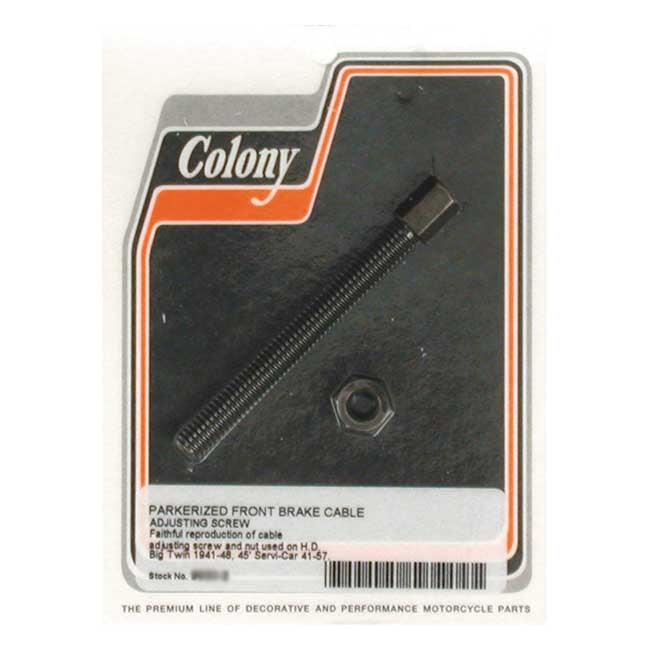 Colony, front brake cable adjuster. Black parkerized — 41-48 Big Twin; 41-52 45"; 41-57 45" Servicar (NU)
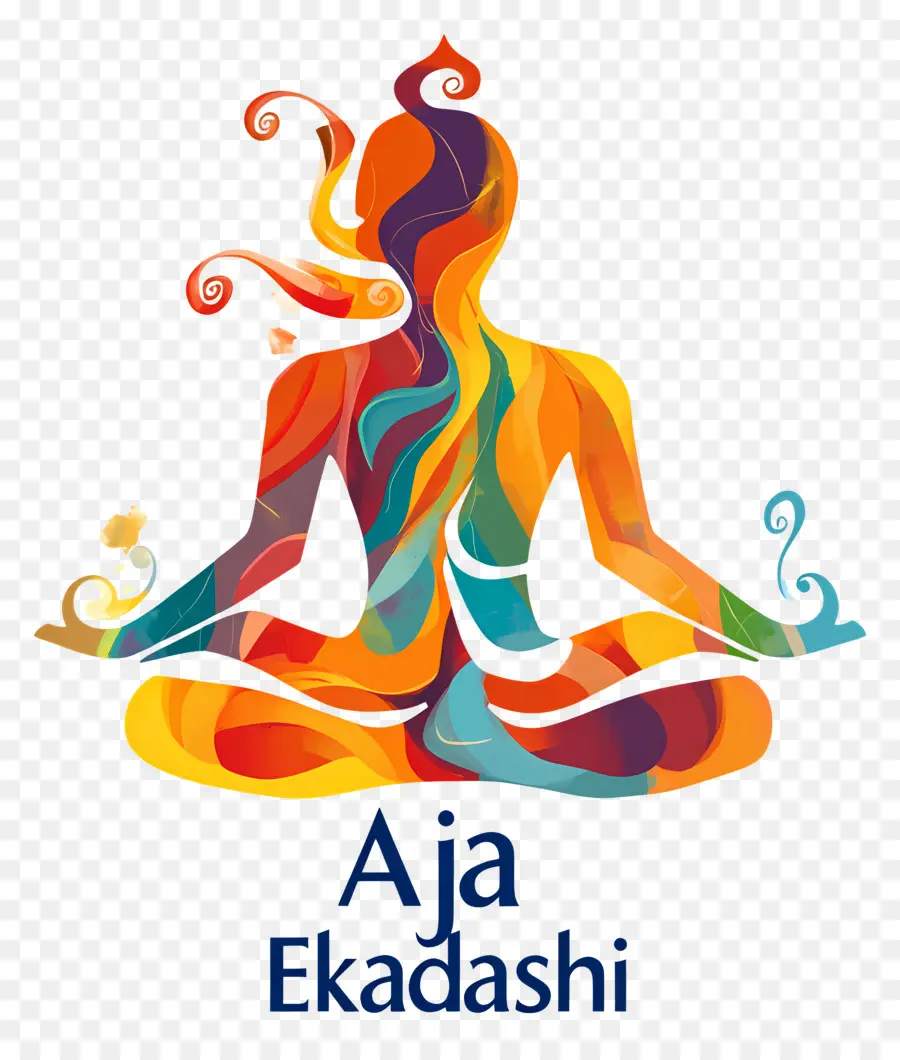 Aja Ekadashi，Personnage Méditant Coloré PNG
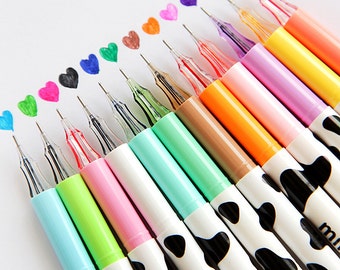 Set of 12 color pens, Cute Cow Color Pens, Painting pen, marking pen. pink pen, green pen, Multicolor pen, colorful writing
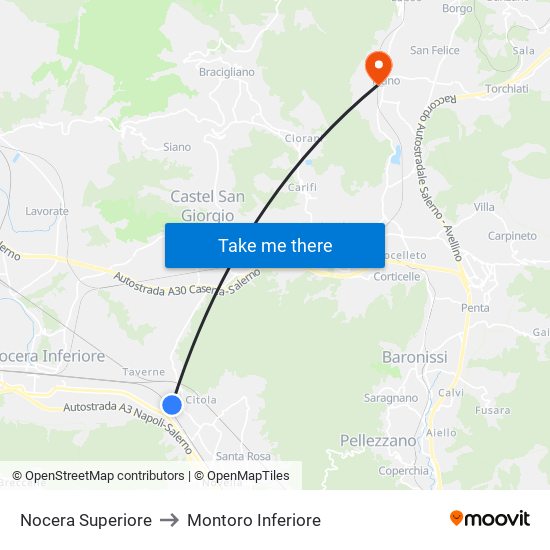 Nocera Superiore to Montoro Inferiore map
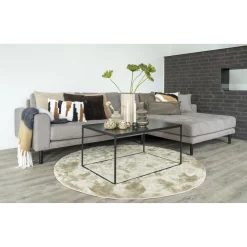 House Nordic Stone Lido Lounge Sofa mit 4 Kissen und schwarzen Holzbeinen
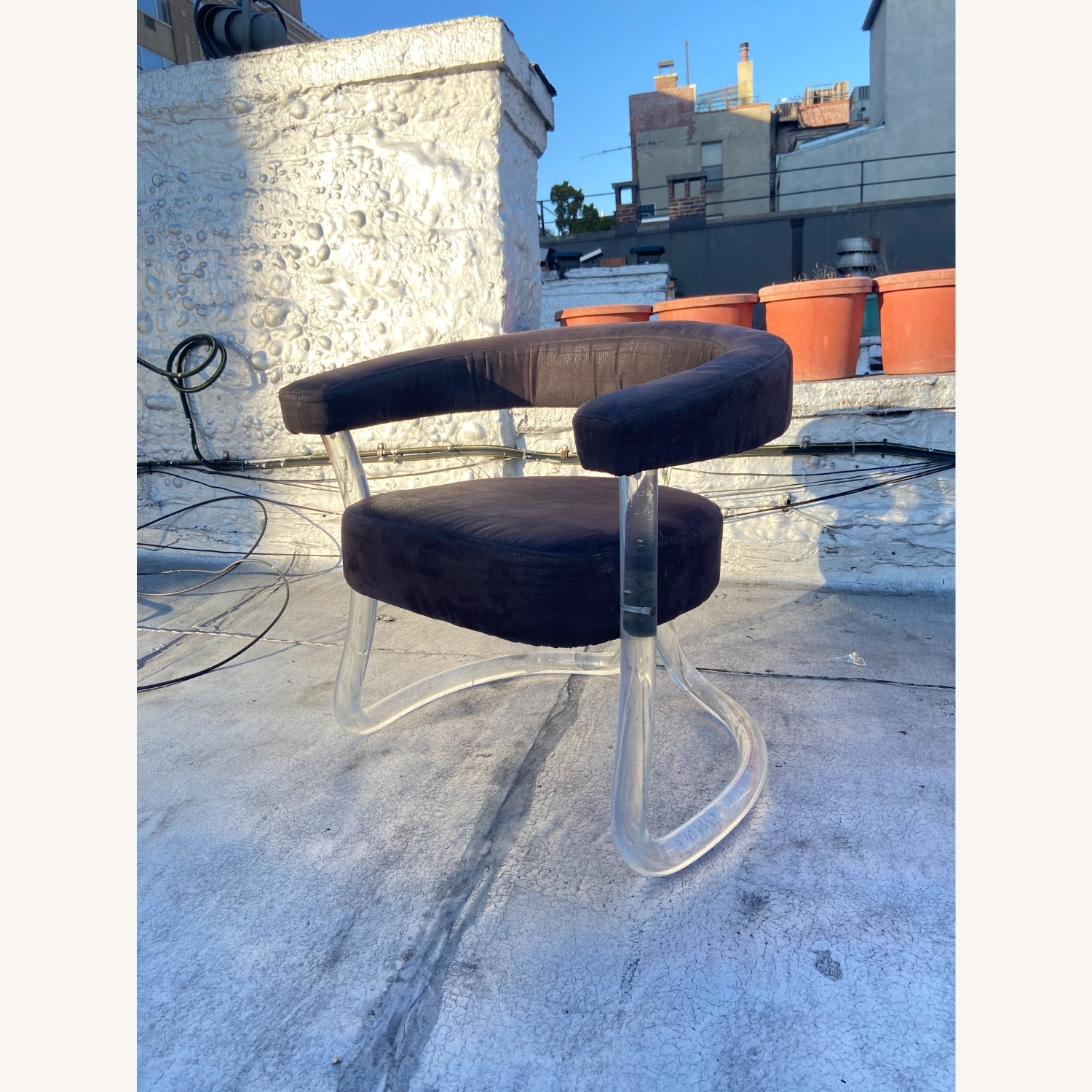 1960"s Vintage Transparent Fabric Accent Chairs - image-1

____

# [Work instruction]
What you return should be only the exact lines from the top of the entries through the line with "Set of 12 color", minus the pictures.

# [The answer]
 Colony, front brake cable adjuster. Black parkerized — 41-48 Big Twin; 41-52 45"; 41-57 45" Servicar (NU)
 Aja Ekadashi，Personnage Méditant Coloré PNG
 Set of 12 color pens, Cute Cow Color Pens, Painting pen, marking pen. pink pen, green pen, Multicolor pen, colorful writing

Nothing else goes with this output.